Premio al teatro humano

Premio al teatro humano

Finalmente, el admirable trabajo realizado por el Teatro Cenit ha sido justamente reconocido.

16 de diciembre 2017 , 12:00 a.m.

Nube Sandoval y Bernardo Rey se fueron de Colombia con la bella idea –que llegaron a montar en Ciudad Bolívar y en Bosa, incluso en Chocó– de poner en escena un teatro que sanara a sus participantes: a sus creadores y a sus espectadores. 

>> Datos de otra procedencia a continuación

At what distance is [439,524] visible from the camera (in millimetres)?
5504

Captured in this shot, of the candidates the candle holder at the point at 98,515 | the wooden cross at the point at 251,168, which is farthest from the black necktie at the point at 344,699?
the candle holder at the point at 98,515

Lo llamaron “el teatro como puente”, porque servía a actores desplazados por la violencia, por ejemplo, para ir de una orilla a la otra en sus propias vidas, para –según cuentan en una magnífica crónica escrita por Yhonatan Loaiza para este diario– revivir el espíritu que renace con la memoria y recobrar la luz que suele apagarse cuando se va viviendo sin futuro. Su grupo, fundado en 1992, que llamaron el Teatro Cenit, llegó a Europa listo a eso: a reconocerles la humanidad a quienes fueron perseguidos, humillados, sometidos, puestos de rodillas por tantos gobiernos indolentes de este mundo.

Su trabajo con sobrevivientes de Congo, Afganistán, Burundi, Costa de Marfil ha sido un verdadero puente para dejar atrás los horrores, para recobrar el derecho a los recuerdos de la infancia.

Veinticinco años después, el Teatro Cenit, que había obtenido el Premio Ellen Steward del Teatro La Mama, de Nueva York, se ha ganado el premio Catarsi-Teatri delle Diversità 2017, que concede la Associazioni Nazionale di Critici Teatrali de Italia (ANCT) por hacer por los refugiados en Europa lo que antes hicieron y hacen por víctimas de las violencias colombianas. Su trabajo con sobrevivientes de Congo, Afganistán, Burundi, Costa de Marfil ha sido un verdadero puente para dejar atrás los horrores, para recobrar el derecho a los recuerdos de la infancia: las canciones, los gestos nobles de la cotidianidad, las particularidades de la lengua.

Es un trabajo admirable que ha superado las barreras del lenguaje. Y se ha centrado en las posibilidades del cuerpo, o el canto que nos iguala y nos vuelve a todos seres irreversibles: el cuerpo que va sanando la mente cuando recobra la libertad.

Es, sin duda, un gran reconocimiento para el Teatro Cenit y un recordatorio de que el sentido de los escenarios ha tenido desde el principio de los tiempos mucho que ver con regresar de los horrores.

editorial@eltiempo.com

Teatro Cenit

Gracias a su trabajo con refugiados, el Teatro Cenit se presentó en escenarios tan importantes como el Teatro Argentina, de Roma, con la obra ‘Lampedusa Mon Amour’.